§ What is being asked
Output, exactly as written, the lines below from the one that has "Auctioned To The" through the one that has "The Joys of"; nothing else, and no pictures.

§ Exercise inputs
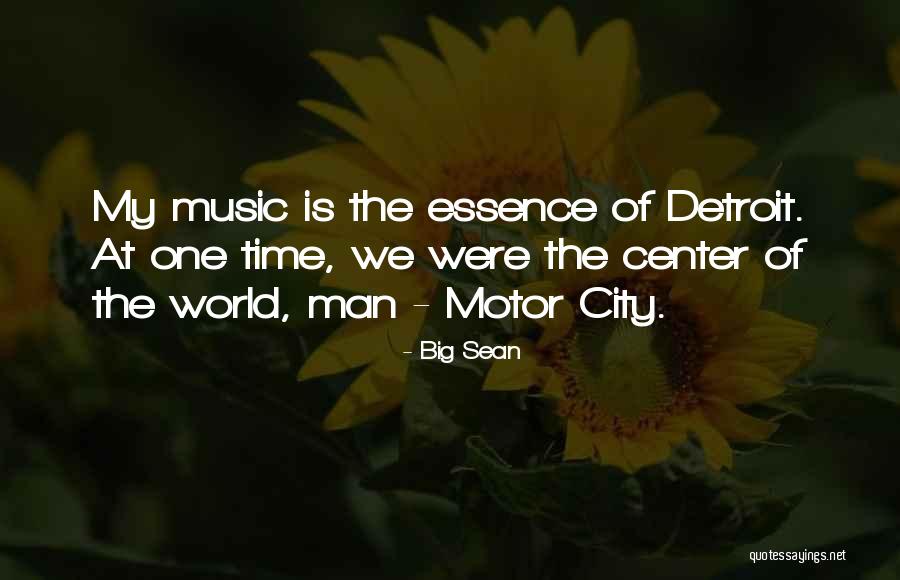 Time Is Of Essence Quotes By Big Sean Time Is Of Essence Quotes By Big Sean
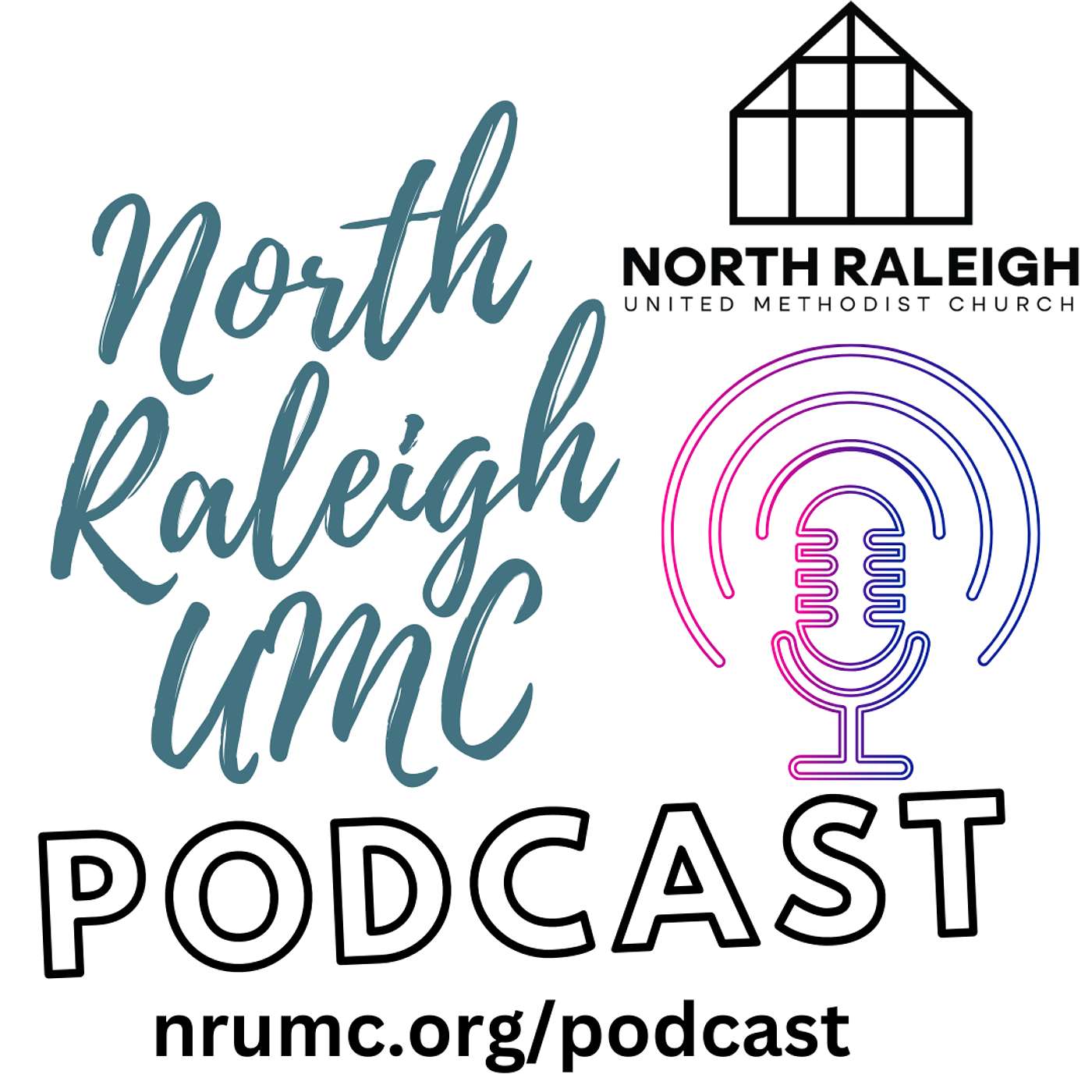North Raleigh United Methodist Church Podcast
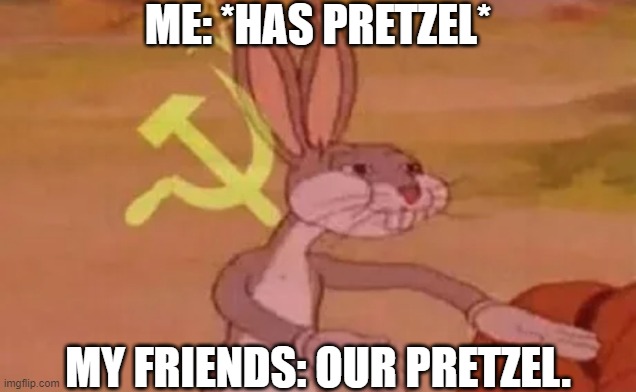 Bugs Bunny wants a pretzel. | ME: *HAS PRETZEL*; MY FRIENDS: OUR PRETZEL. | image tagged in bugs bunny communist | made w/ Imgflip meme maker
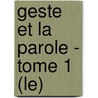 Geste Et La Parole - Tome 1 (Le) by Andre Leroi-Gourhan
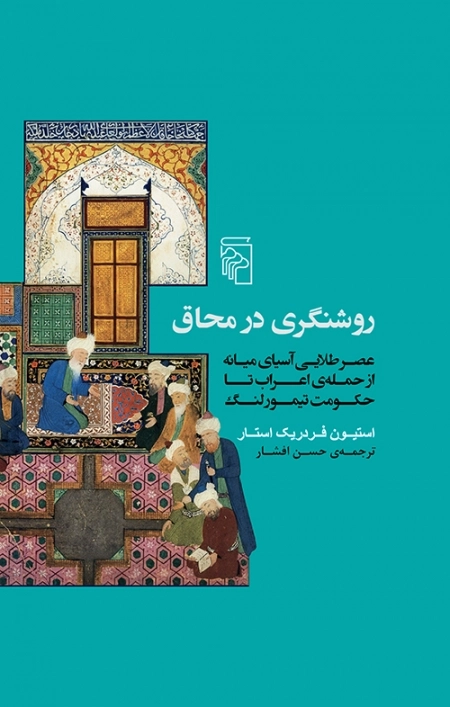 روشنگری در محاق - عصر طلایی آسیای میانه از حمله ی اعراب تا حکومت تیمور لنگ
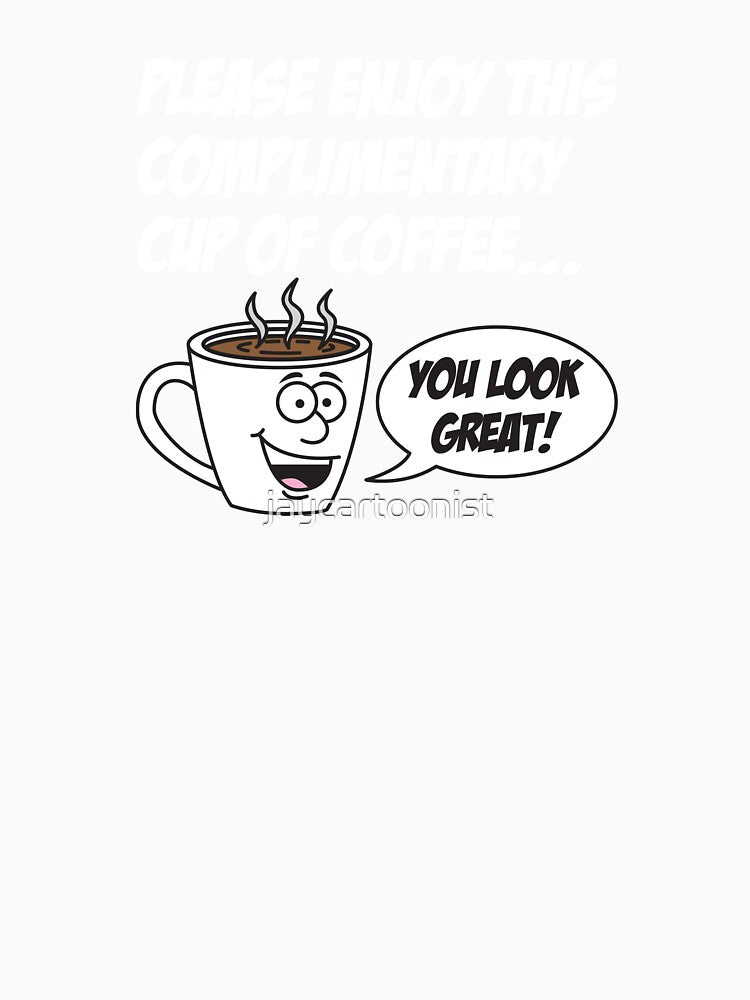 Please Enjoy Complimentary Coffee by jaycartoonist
==
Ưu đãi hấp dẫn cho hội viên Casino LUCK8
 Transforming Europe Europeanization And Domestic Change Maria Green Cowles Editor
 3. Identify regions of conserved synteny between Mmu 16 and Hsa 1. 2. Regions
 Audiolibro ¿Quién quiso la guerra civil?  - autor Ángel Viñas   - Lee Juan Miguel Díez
---
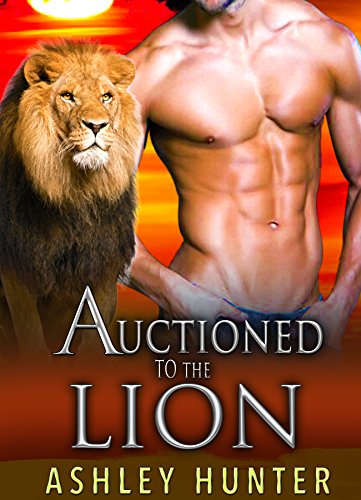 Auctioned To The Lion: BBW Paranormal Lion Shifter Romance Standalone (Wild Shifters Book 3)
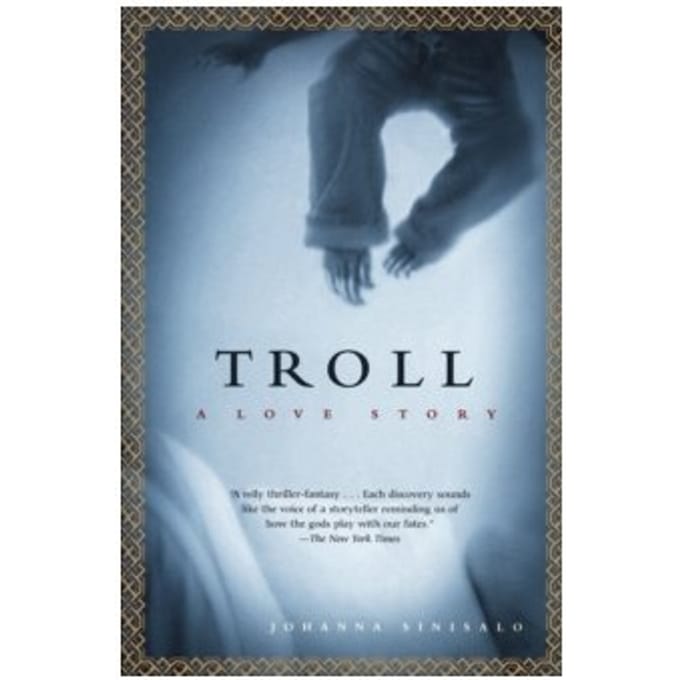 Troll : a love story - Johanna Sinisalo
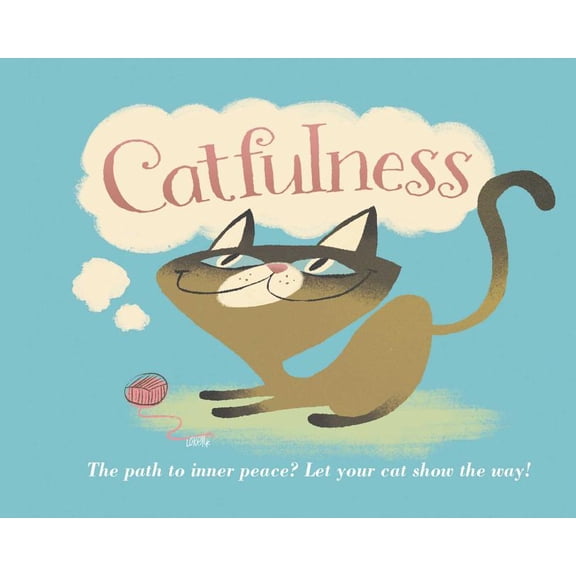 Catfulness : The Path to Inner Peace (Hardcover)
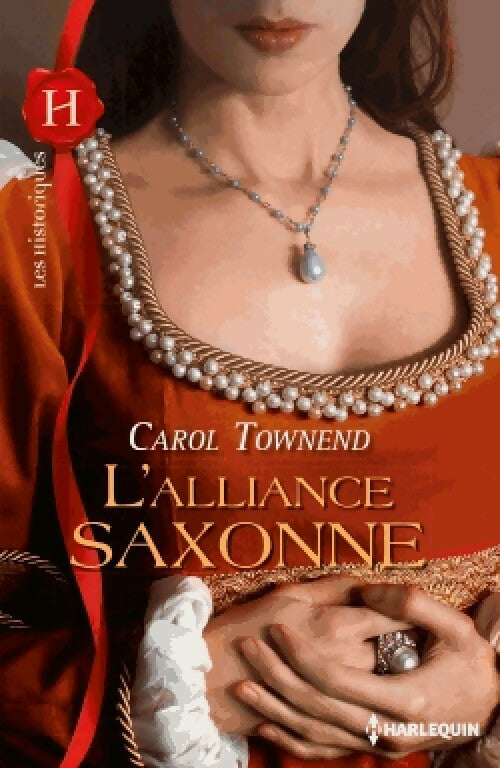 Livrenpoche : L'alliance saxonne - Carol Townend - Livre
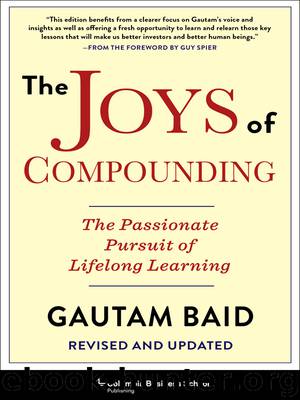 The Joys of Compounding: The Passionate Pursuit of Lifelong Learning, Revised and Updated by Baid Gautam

§ Result for this task
 Auctioned To The Lion: BBW Paranormal Lion Shifter Romance Standalone (Wild Shifters Book 3)
 Troll : a love story - Johanna Sinisalo
 Catfulness : The Path to Inner Peace (Hardcover)
 Livrenpoche : L'alliance saxonne - Carol Townend - Livre
 The Joys of Compounding: The Passionate Pursuit of Lifelong Learning, Revised and Updated by Baid Gautam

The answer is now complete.